It’s difficult to predict whether some of our younger winners will ever be recognized as frequently as Young and Pujols, but it won’t be for lack of opportunity or exposure, as the interest in youth baseball has exploded in the last few years.
The Little League World Series, for 11-12 year-olds, still generates more interest than any youth baseball event, particularly as it has expanded from eight to 16 teams with almost all games televised by ESPN. But that's only one of about 200 national championship staged annually for young players of all ages. Little League may not even be the most competitive event in its own age group, as Cooperstown Dreamspark’s National Tournament of Champions and the U. S. Specialty Sports Association (USSSA) Elite 24 World Series are drawing a greater number of the nation’s elite players at that age.
The dominance of powerful travel leagues over the traditional recreation leagues is also becoming more pronounced in the 13-17 age groups, as weaker players fall by the wayside after age 12 and the best teenage players seek the best competition available.
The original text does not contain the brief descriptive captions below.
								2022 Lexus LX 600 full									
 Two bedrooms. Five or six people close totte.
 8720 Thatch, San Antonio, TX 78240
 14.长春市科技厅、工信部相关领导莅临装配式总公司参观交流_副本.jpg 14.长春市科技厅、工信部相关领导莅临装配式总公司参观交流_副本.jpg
The criteria for choosing our winners depends on the player's age. Older players are judged on ability and what they have achieved on the field--generally in the major or minor leagues. Winners in the younger age groups are based more on potential and performance at major national and international competitions. Players in the 12-14 year age groups were selected in conjunction with Illinois-based Travel Ball Select organization.
In each case, the universal youth baseball cutoff date of Aug. 1 has been used to establish a player's age, though that deadline will change to May 1 beginning in 2006. At each age from 12 to 19, we have selected a winner and two honorable mentions. The accomplishments of winners from ages 20-25 speak for themselves.
AGE 12: DELINO DeSHIELDS, of, Fairburn, Ga.
“There’s not another player in the country as athletic as this kid,” said Kevin Thomas of Travel Ball Select, which tracks the nation’s best 12- to 14-year-olds. “He is one of the strongest 12-year-olds I’ve ever seen, and he is the fastest.”
DeShields put his talent on display for Alabama’s Boys of Baseball during Cooperstown Dreamspark’s National Tournament of Champions when he set an all-time record during the Road Runner Race, circling the 70-foot bases in 12.06 seconds. In the championship game, he launched one of the longest home runs in the 10-year history of the event. On the week, he hit .667-6-12. “He was the talk of the tournament the entire week in Cooperstown,” Thomas said.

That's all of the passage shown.